= College Cost Reduction and Access Act =

The College Cost Reduction and Access Act was introduced on June 12, 2007. The bill sponsor is Representative George Miller, a Democratic Congressman from California. George Miller served as a United States representative from California from 1975-2015. He represented the state's 7th Congressional District until 2013 when he was redistricted to the 11th Congressional District. The 7th congressional district includes most territory from Richard to Vallejo, Hercules, Martinez, Pittsburg as well as through the mountain interstices of Contra Costa County and part of Concord, Northeast of Vallejo. In the 7th Congressional District, George Miller served as the Co-Chairman of the House Natural Resource Committee from 1991 to 199. From 2007 to 2011 he served as the Chairman of the House Education and Labor Committee, giving him responsibility for shaping educational policies. George Miller represented parts of the California Bay which is home to many students and families struggling with college tuition costs. Miller had worked on earlier pieces of legislation to expand Pell Grants as well as try to improve higher education access. George Miller has previously helped college students afford their education and supported working class families.

== Legislative Insight ==
The Committee of Education and Labor had their first meeting on June 25, 2007 and at that meeting they considered the rising tuition in colleges around the United States, the hardships and burden of student loans, and federal funding options. The Committee of Education and Labor had hearings that had a range of witnesses and provided arguments for what they were for or against. This took place in the House of Representatives as George Miller, the bill sponsor, was chairman of the committee. One of the major witnesses is the Department of Education officials. They took the position of defending existing loans and granting strictures and how federal loans have been helping others throughout the United States. Although coming across strong, they questioned whether or not enough was being done to help Americans. The Government Accountability Office Representatives pointed out an inadequate finding in the current federal loan system. Student Loan Industry Executive witnesses had argued that private lenders were necessary for making higher education accessible, while strongly opposing subsidy cuts. The borrower advocacy organization advocated for students that have spoken out about the struggles of student debt. They strongly supported proposals to lower interest rates and increase Pell Grants. There were several major debates and controversies during the hearings. Some of the debate sparked by who was responsible for tuition increasing at unsustainable rates. The Pell Grants were also a controversial topic and whether the grants would be beneficial long term. Lender subsidies and repayment and forgiveness reforms are two other topics that were debated among witnesses or entities.

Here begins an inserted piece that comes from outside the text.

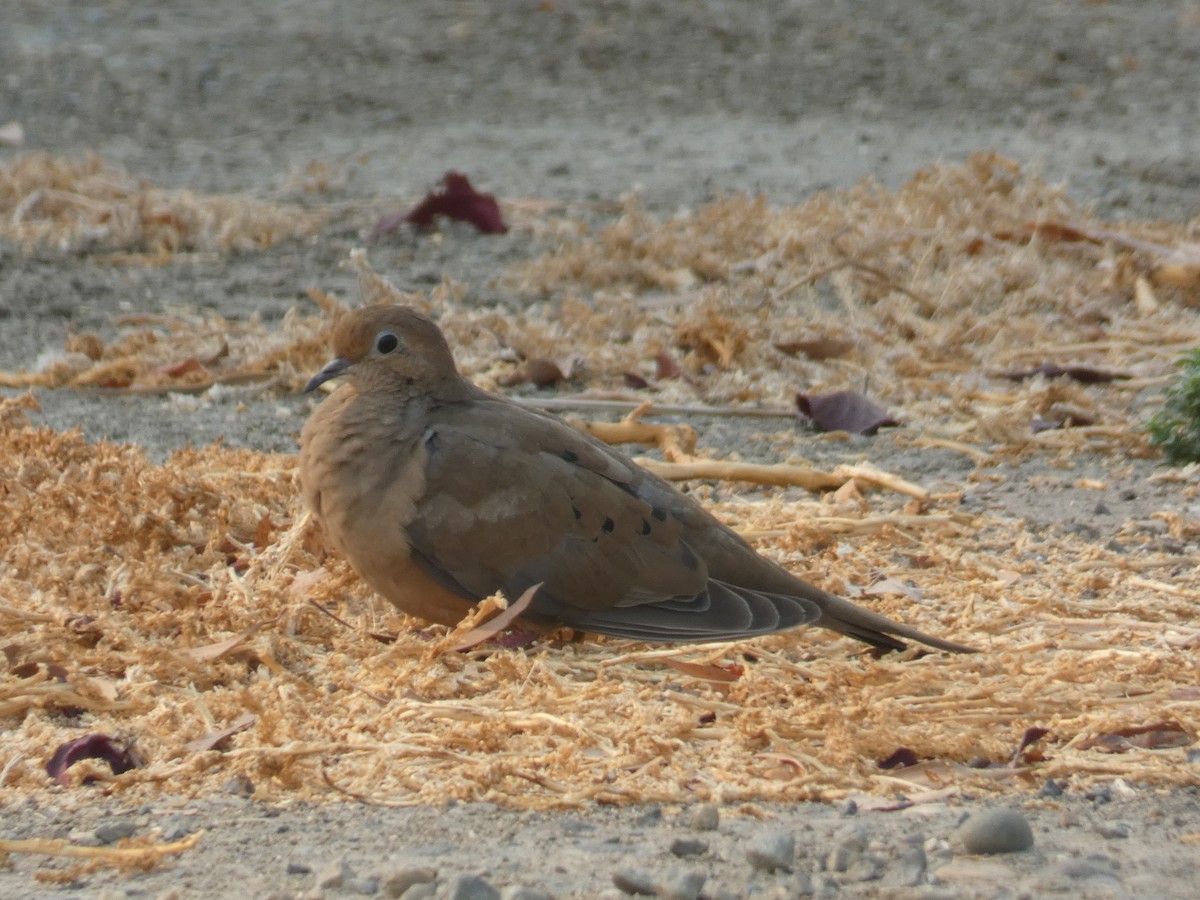 sørgedue - ML268017561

== Provisions of the Law ==
The College Cost Reduction and Access Act of 2007 authorized billions of dollars in new funding to raise Pell Grant awards as well as increase to the maximum grant levels through 2013. This is mentioned in Title I of the provision. There are many major provisions of the bill. Title I is a grant to students and created TEACH Grants for low income students pursuing teaching careers. Title II is about loan benefit, repayment, and conditions, as it introduced the Income-Based Repayment to cap monthly loan payments. Title III is the Federal Family Education Loan Program which reduces insurance and prohibits passing some costs to borrowers. Title IV is about loan forgiveness and it broadens opportunities for loan forgiveness for teachers, nonprofit employees, and public servants. Title V &VI are about federal Perkins loan and analysis. Title Vll is the Competitive Loan Auction Pilot Program which establishes a pilot program beginning in July 2009. Title Vlll is partnership grants and creates a College Access Challenge Grant Program to fund states to help low income students prepare and succeed in college. Between the introduction of the bill and the final enacted law, several changes were made. In the beginning, the main focus was on the Pell Grant program and student loan reductions. The final bill strengthened the repayment and forgiveness provisions. It also changed some appropriations about annual increases. The introduction text for the TEACH Grants stated that it established grants for students preparing to be teachers. The final text adds clear definitions to what is an eligible institution and reporting requirements for TEACH Grants.